Most fond memories of Zemach’s friends and colleagues involve his wife, Hildegard.
“We came here with my first child, who was an infant, and Hildegard figured that it was a very long trip from New York, and she invited us for dinner to their place, just to be helpful,” Lieberman said. “Boy, I still remember how that dinner tasted.”
The dinner parties Zemach and his wife would throw for friends and colleagues have become famous for Hildegard’s stellar cooking, Chaim’s expertise in wine and his gift for storytelling.
At a recent retirement party with the orchestra, Brennan remembered Zemach to have said, “This is such a wonderful party. Maybe I should retire twice.”
Chaim and Hildegard have traveled the world together, taking a particular liking to the French countryside. They were avid hikers, and for exercise, they still walk the country roads in Chautauqua.

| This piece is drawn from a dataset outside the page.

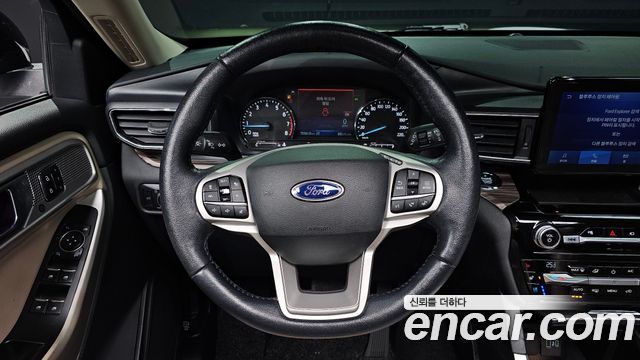 Ford Explorer (VI) 2.3 LimIted 4WD 2021 — фото 13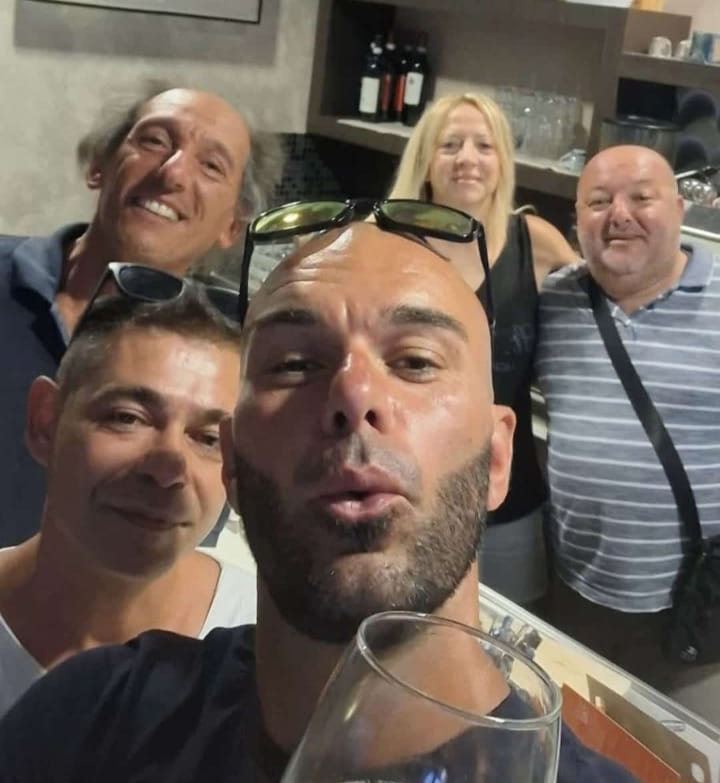 bodegacafe.jpg (85 KB)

“He wouldn’t survive without her, and she wouldn’t survive without him,” Brennan said.
Looking back on 44 years, Zemach said he was unsure if he is necessarily a better player than when he first began, but he is more knowledgeable.
“I had time to polish those corners,” Zemach said. “So this summer was the last to polish the last corners.”
“Chaim speaks a lot of languages, but the language of music he speaks the best,” Lieberman said. “There’s no question about that.”
“He’s a man of peace and a citizen of the world, really,” Brennan said.
Zemach said that music is a language, and different composers and countries have their own vocabulary. If Chautauqua has its own vocabulary, Zemach’s name is a powerful word, and one that will not soon fade away.